Every now and again the subject of tax and human rights comes up. I think the two are intimately related and nearly a decade ago I looked at the issue of tax and the Universal Declaration of Human Rights when drafting a Code of Conduct for Taxation.
Unfortunately the Declaration makes no reference to taxation, though Article 29 implies that there is a universal duty of the citizen to the community of which they are a part, which could be interpreted to include an obligation to pay democratically agreed taxes levied upon them. However, the following principles on taxation can be derived from the relevant articles (shown in brackets) of the Universal Declaration of Human Rights:
1. A State has a duty to protect its citizens; (3)
2. A State has a duty to provide public goods for its citizens; (22, 23, 25, 26, 27)
3. A State may not discriminate in the provision of protection or provision for its citizens; (1, 2, 3, 7, 8, 10, 21)

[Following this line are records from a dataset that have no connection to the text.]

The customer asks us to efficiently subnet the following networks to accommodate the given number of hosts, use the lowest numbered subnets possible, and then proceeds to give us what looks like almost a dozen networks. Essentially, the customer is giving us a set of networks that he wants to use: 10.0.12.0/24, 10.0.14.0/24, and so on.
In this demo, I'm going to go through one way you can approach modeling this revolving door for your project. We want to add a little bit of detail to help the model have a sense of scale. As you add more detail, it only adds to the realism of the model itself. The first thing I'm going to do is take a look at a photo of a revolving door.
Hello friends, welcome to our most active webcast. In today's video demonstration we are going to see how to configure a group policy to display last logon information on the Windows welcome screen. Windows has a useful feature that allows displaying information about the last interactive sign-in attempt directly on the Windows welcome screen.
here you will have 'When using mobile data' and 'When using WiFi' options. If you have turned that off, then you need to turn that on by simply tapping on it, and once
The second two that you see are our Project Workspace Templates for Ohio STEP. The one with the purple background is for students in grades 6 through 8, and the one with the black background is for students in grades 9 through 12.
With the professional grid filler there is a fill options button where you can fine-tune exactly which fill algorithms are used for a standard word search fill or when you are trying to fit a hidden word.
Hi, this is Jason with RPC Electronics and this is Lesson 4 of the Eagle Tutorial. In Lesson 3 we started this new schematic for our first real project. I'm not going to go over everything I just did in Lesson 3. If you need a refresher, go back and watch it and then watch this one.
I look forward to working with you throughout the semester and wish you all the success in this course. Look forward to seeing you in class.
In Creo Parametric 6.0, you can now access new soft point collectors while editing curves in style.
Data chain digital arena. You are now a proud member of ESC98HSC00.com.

4. The extent of the provision to be supplied by a State shall (subject to achievement of those rights inherent in the Universal Declaration) be determined by democratically elected governments; (21)

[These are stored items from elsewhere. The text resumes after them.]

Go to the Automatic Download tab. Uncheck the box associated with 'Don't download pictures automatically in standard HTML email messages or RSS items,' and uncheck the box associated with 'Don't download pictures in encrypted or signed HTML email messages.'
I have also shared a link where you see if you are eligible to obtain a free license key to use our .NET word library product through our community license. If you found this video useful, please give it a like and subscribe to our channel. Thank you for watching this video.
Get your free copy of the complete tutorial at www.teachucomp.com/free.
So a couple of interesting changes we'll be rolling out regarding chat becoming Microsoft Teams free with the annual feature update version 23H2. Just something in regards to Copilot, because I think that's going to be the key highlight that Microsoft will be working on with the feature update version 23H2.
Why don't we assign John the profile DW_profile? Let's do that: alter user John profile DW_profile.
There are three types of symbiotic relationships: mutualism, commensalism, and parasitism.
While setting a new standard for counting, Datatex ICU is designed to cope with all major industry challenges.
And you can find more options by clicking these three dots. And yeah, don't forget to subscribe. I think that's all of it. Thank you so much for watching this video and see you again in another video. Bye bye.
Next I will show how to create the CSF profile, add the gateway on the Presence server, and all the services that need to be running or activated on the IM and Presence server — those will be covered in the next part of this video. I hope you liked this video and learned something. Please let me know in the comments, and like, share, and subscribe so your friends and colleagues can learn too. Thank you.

5. The right of a State to determine its will shall not be constrained by the actions of another State; (28, 29)
6. A State has the right to levy taxation; (implicit in the obligations imposed in Articles 3, 22, 23, 25, 26, 27 and 28 which could not be achieved if this were not true)
7. Any charge to tax must respect the right to hold private property; (17)
8. The charge to tax must not be arbitrary; (17)
9. Taxation must be imposed by law; (12)
10. All citizens of a State shall be subject to the same taxation laws; (1, 2, 7)
11. Each citizen has the duty to pay the tax due by them; (the corollary of 21 and implicit in 29)
12. The citizen shall have the right to appeal against any charge to tax; (8, 10)
13. The State may only oblige a citizen to disclose that data required by law when requesting information for the purposes of assessing their liability to tax; (12)
14. A citizen shall have the right to leave the State and its protection and shall as such deny themselves the right to its provision but be relieved of the obligation to contribute to its upkeep. (13, 28, 29).
This framework of principles does, I think, reflects the basis for exploring the whole issue of tax and human rights.